Electronic – What makes an “rf transistor” different from an ordinary transistor


I have been looking at various types of transistors that can switch at higher speeds than my clunky but powerful IGBT, and I came across these things called "rf transistors" or "rf mosfets" which can switch at speeds anywhere from a few mhz to a few ghz. Here is an example datasheet. I was wondering what makes these things so fast. I tried some googling, but all I could find was products–no details on what exactly makes these devices different.

Also, is there anything I should watch out for when driving one of these devices? I have gotten fairly comfortable driving large IGBTs and other power devices, but I definitely experienced a learning curve. For example, it took some time and a fair amount of burned out transistors to realize I had to isolate the voltage that drives the gate from source-drain voltage.
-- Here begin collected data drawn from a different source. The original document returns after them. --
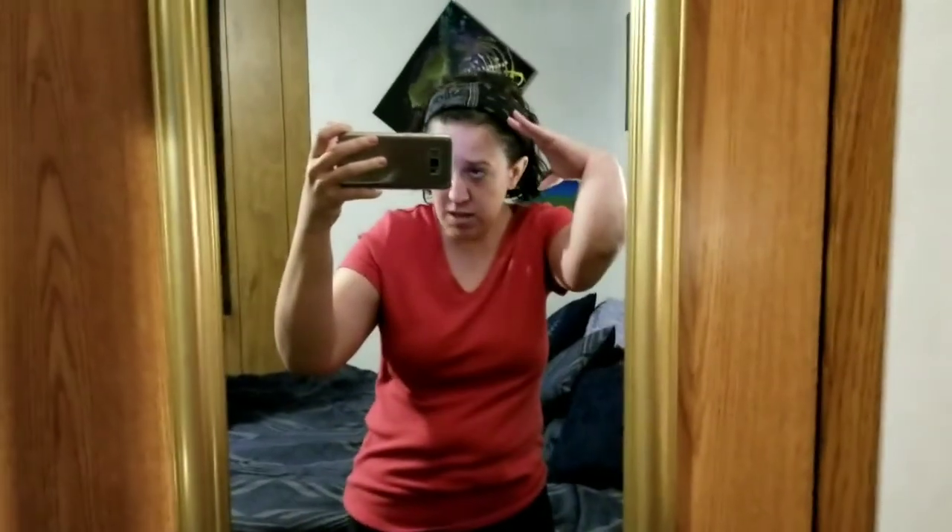Time for my outfit of the day. I've got a bandana printed headband, basic red t-shirt showing spillage, black jeans, and a red belt that doesn't go with my t-shirt at all.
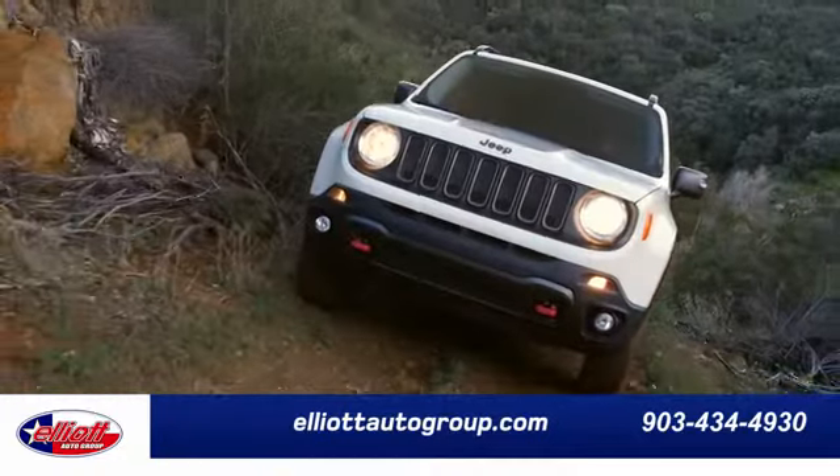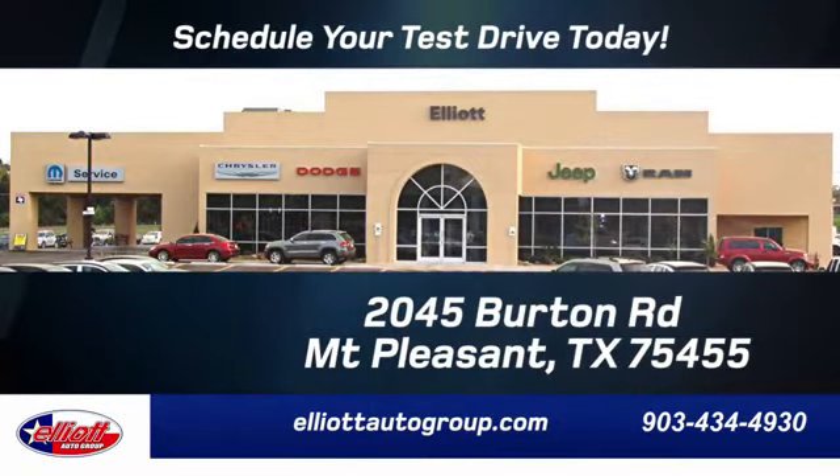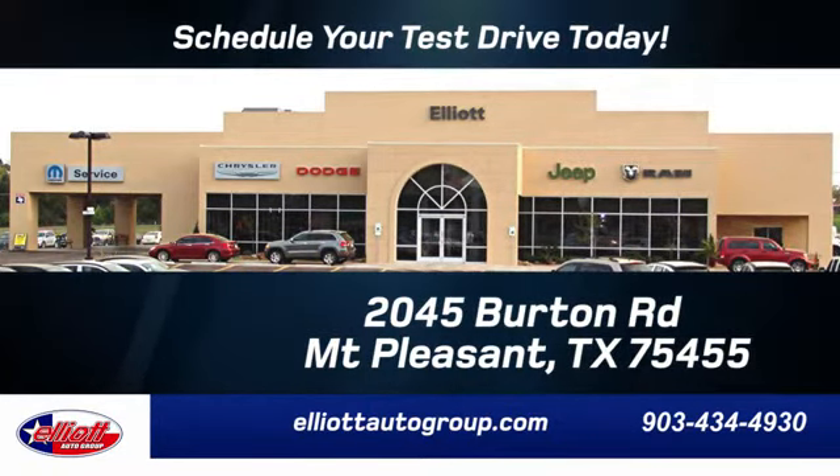Elliott Auto Group. We don't do things the old way. We do them the right way. Schedule your test drive today. We are located just off I-30 on Burton Road in Mount Pleasant.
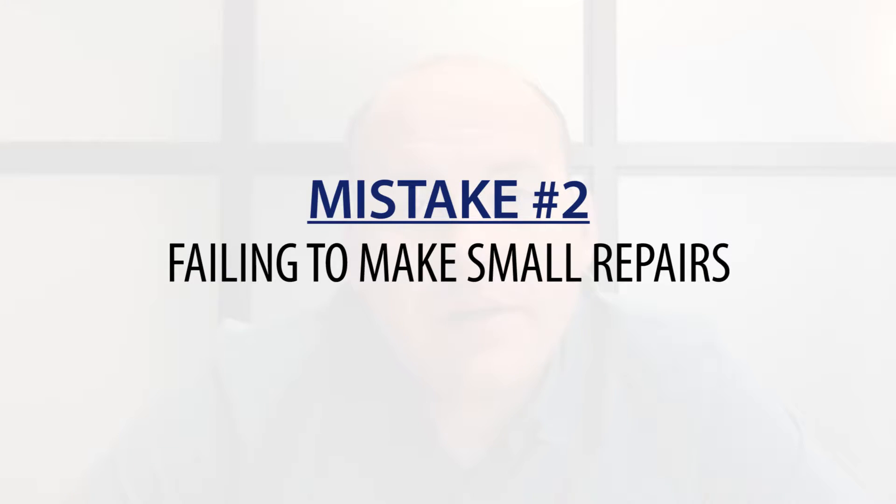Number two: failing to make small repairs. You know the ones we're talking about — when the dog chewed up something, or there are paint touch-ups that a buyer would come through and notice instantly. Let's take an extra bit of time and effort to make sure that the home shows a hundred percent.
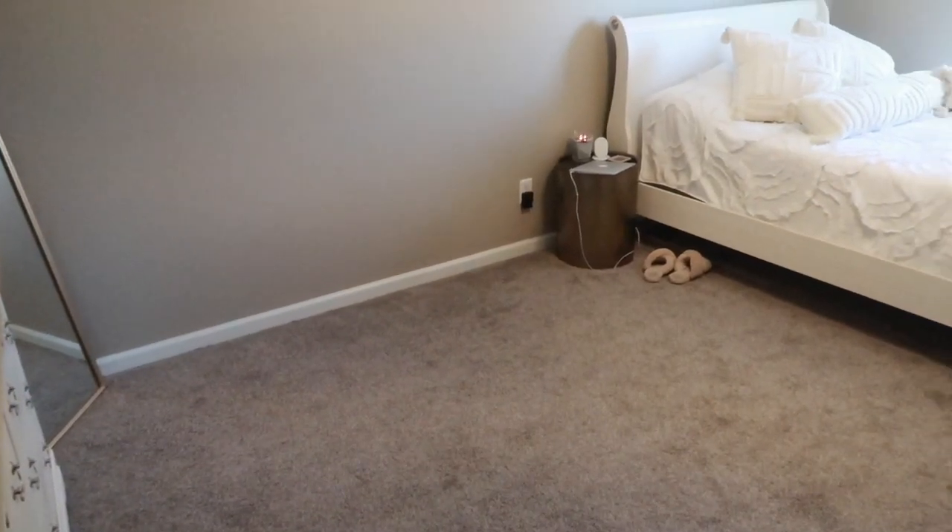I thought that this video would be motivating for you guys to maybe do the same. I know for me, even though my room is clean, if it's a mess and there's so much clutter it's really hard for me to focus and just have a good day. But even though I hate it being messy, sometimes it's really hard to get the motivation to clean, so hopefully this video will do that for you guys.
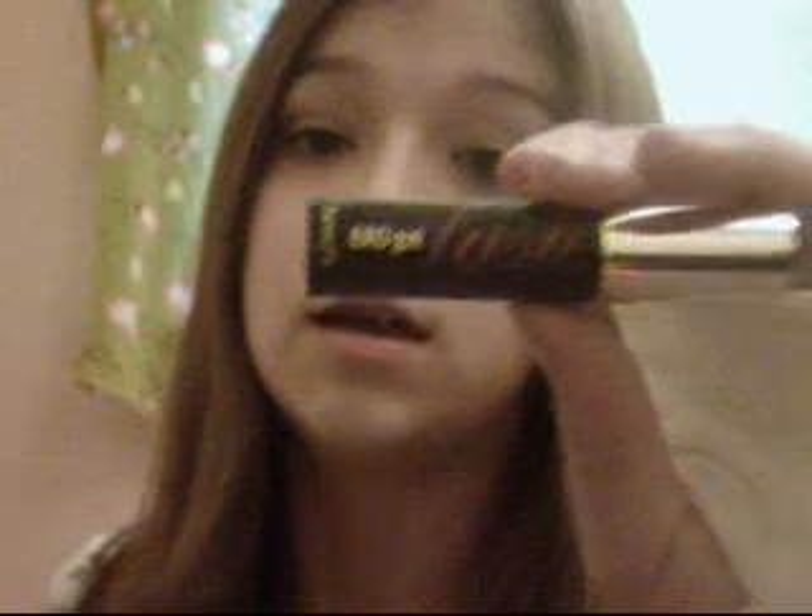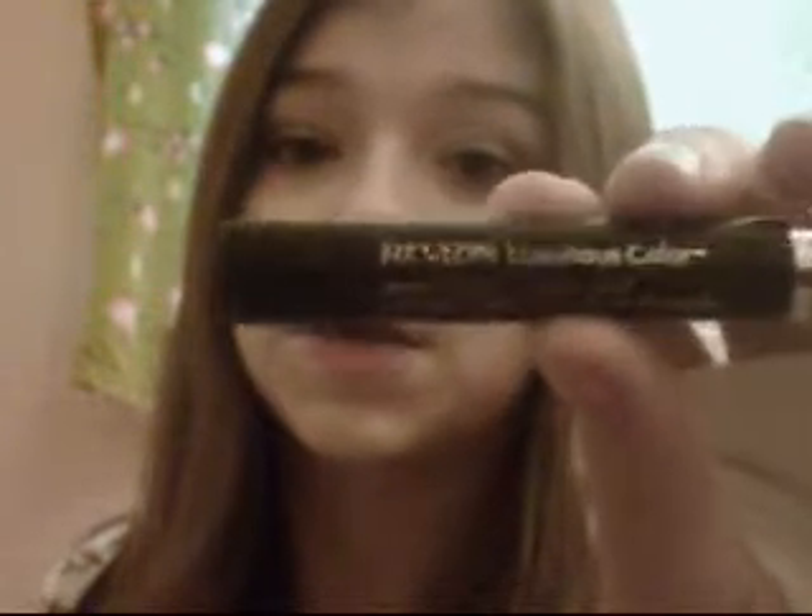The next thing is a MAC product — pretty much the only MAC product included here. This is the MAC paint pot in Bare Study. I used this today as a base color for my eyeshadows, and I really like the way it looks. The next thing is Benefit Bad Gal Lash Mascara — I love this mascara, it's amazing; I just love the way it makes my lashes look. The next thing is an eyeliner: Revlon's Color Stay Smoke Crayon in Black Smoke. It's just a really smooth, creamy pencil, and it comes with its own little pull-out sharpener at the end.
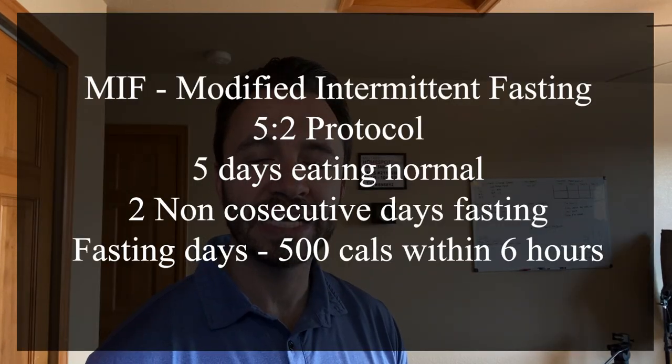I found a new study that shows a specific type of diet or plan throughout the week that has shown some promise. I will link to the study in the description if you want to look at that for yourself, but I will give you a high-level overview. It's called a MIF diet — Modified Intermittent Fasting Diet.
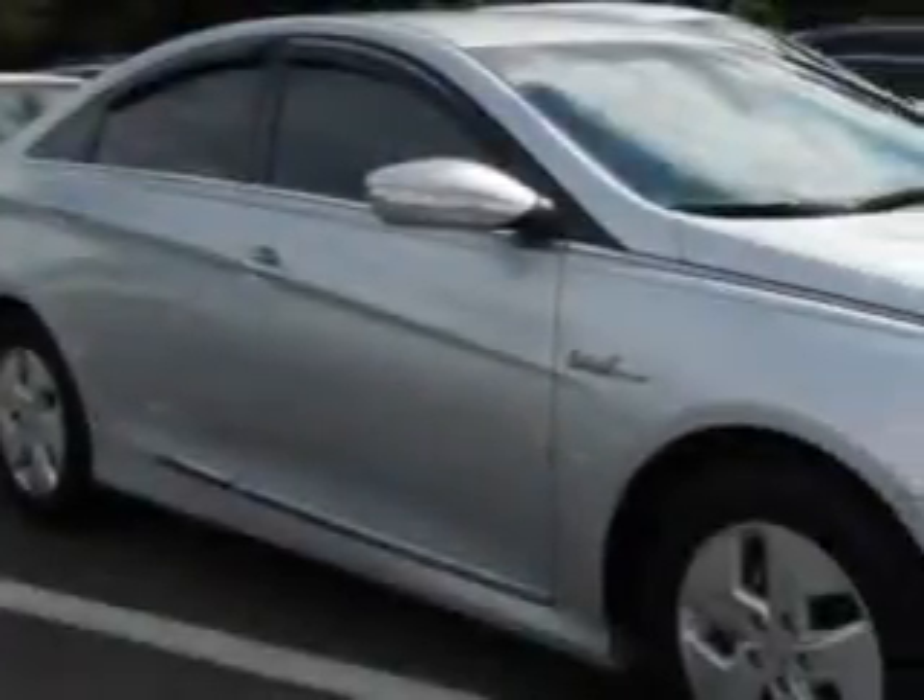Imagine driving this hyper-silver metallic 2012 Hyundai Sonata Hybrid, equipped with a four-cylinder engine and an automatic transmission.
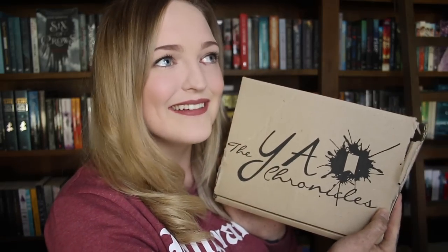This box is the July box — because I forget what month it is — and it is Ladies Who Slay. I'm very excited because I can think of so many amazing female characters in YA that absolutely slay everything.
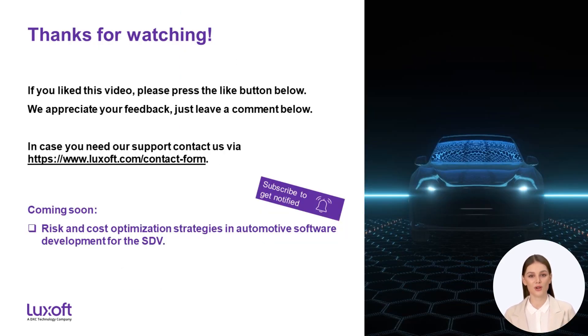I hope this introduction was helpful to understand on a high level the topics we are going to cover in future. If you like the video, leave us a like below. We would be interested in your feedback — feel free to provide some in the comments. In case you need our support, please contact us using the contact form on our homepage. The next video coming soon will address our point of view on the risk and cost optimization strategies for automotive software development for the software-defined vehicle. If you want to get notified when we submit the next sessions of this series, please subscribe. Thanks for watching — looking forward to meeting you in the upcoming videos.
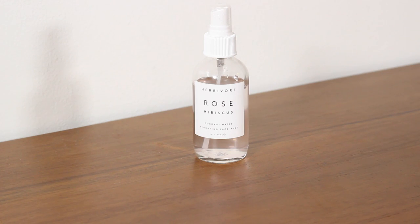The next product is the Herbivore Rose Hibiscus Coconut Water Hydrating Face Mist, which I've had my eye on for a while. I'm a big lover of face mists — I love them in my kit. I live in LA now so it's very hot; I even keep them in the fridge sometimes. I use it within my skincare routine and I find it helps lock in moisture really well.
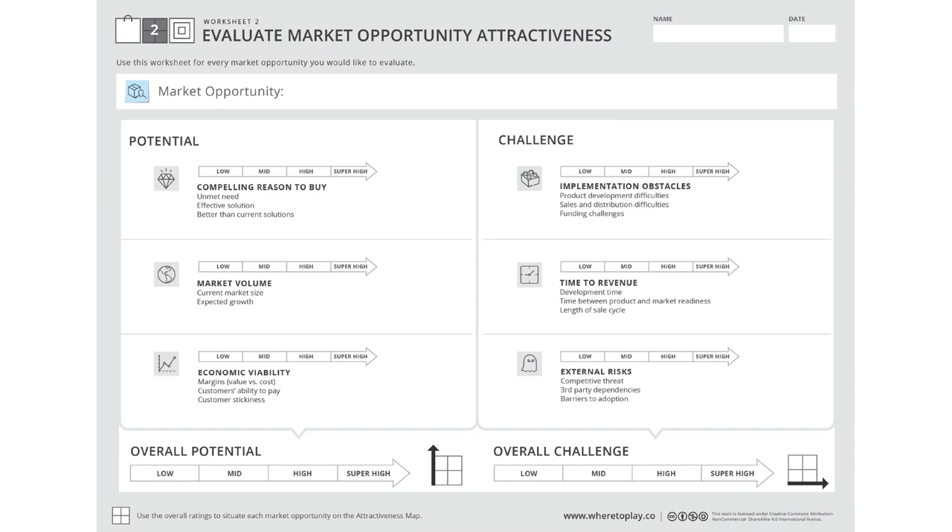For FlyAbility, this process took several months. Through customer interviews, lean experimentations, and desk research, they validated and invalidated some of their markets. To illustrate this process, let's look at how they evaluated the inspection of boilers and heaters in thermal power plants. These huge facilities operate under extreme temperatures and must be inspected periodically in a process that is lengthy and risky. Replacing manned intervention with a collision-tolerant drone can therefore bring significant value, resulting in a super high, compelling reason to buy.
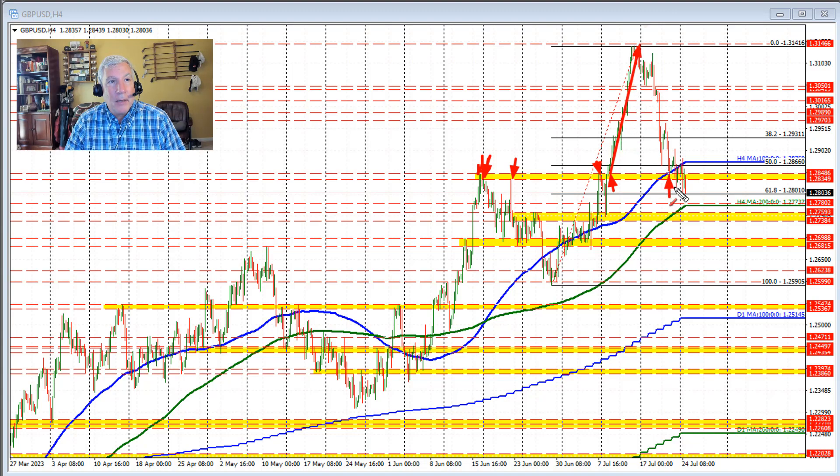It wasn't until trading last week that the price came down into that area, trading above and below it. We are currently below that level on the last four-hour bar, and we have been able to stay below the 1.2834–1.2849 level. That's going to be a close resistance now.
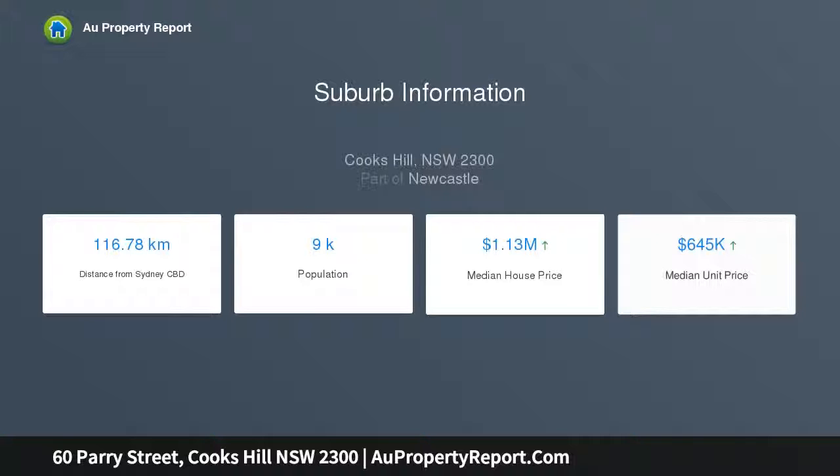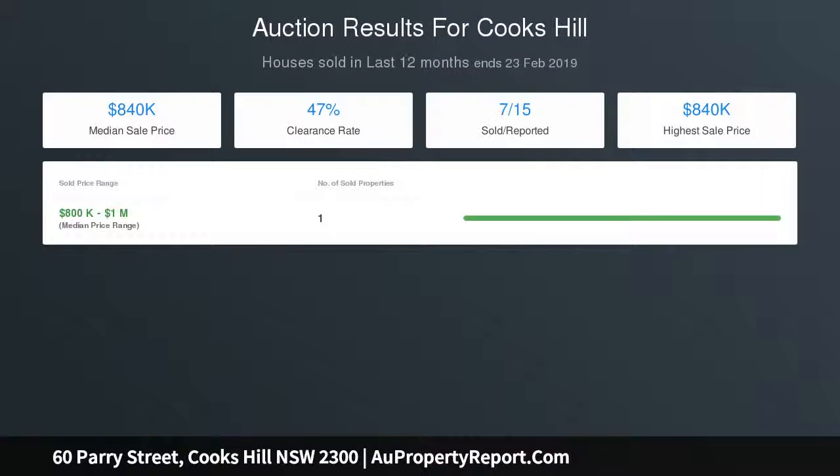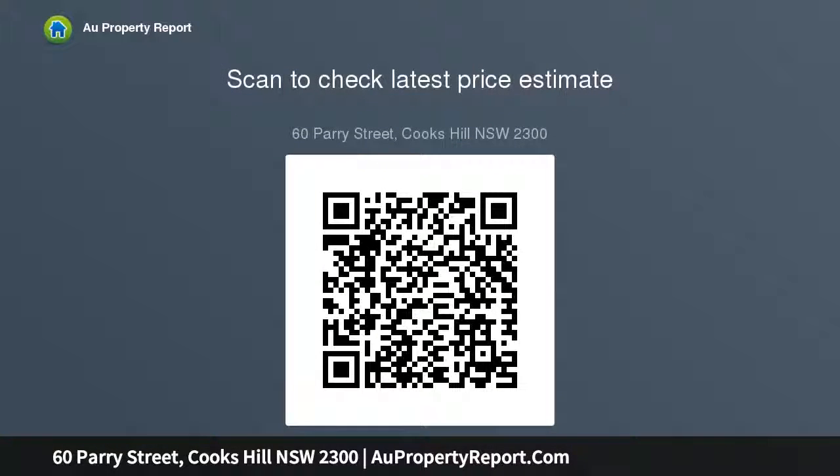Other features include dual street frontages — 36.6 metres across — a generously proportioned cavity brick home with room to extend up or out, plenty of room for garaging, and a short walk to cafes and shops. A great property that must be sold.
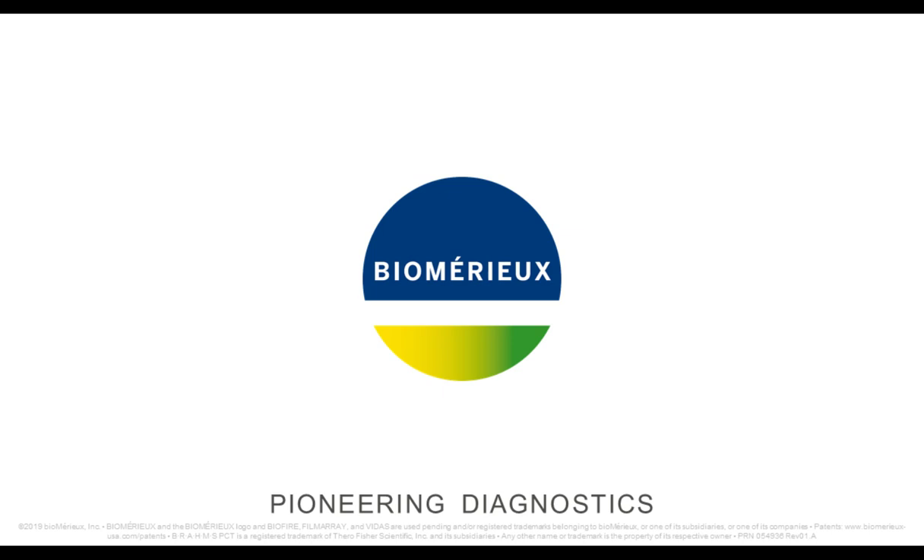Thank you so much, Dr. Baro, for that presentation. A quick reminder for our audience: simply type your questions into the drop-down box on the far left of your presentation window labeled Ask a Question, and click the Send button. Dr. Baro will answer as many questions as we have time for today. Let's take a look at our first audience question.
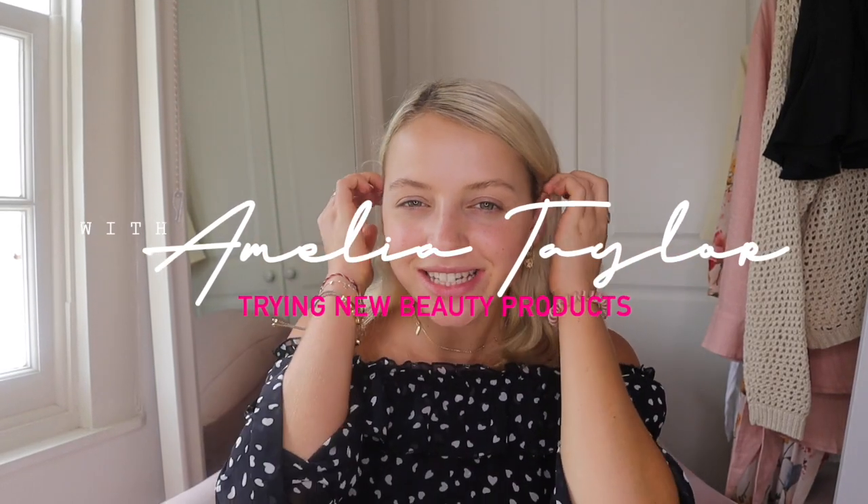Hi guys, welcome back to my channel! Today I thought I would do something a little bit more different. I have received quite a lot of new products from brands I've always wanted to try, as well as brands that I adore that have had new launches and new color collections coming in. So I thought I would do a little get-ready-with-me video and try out these new products and review them.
I also learned that although a resistor connected to the gate is not necessary, a small one helps get you a cleaner signal (I suspect it prevents ringing between the secondary of a gate drive transformer and the effective capacitance between the gate and source). Finally, I found that for fast switching, it helps to actively pull the gate voltage below zero rather than just let it drain across a diode. So given that these are some things I learned to watch out for when driving power transistors, are there any new caveats I should watch out for when working with rf transistors?

Best Answer

RF transistors are operated in their linear mode (for analog signals, going into saturation or full cut off will 'slow them down' dramatically), whereas the transistors you refer to are operating as a switch (either fully saturated or fully cut off, they will have an extremely low on-resistance and a high off-resistance). Entirely different modes of operation.

RF transistors can be extremely sensitive to static discharge.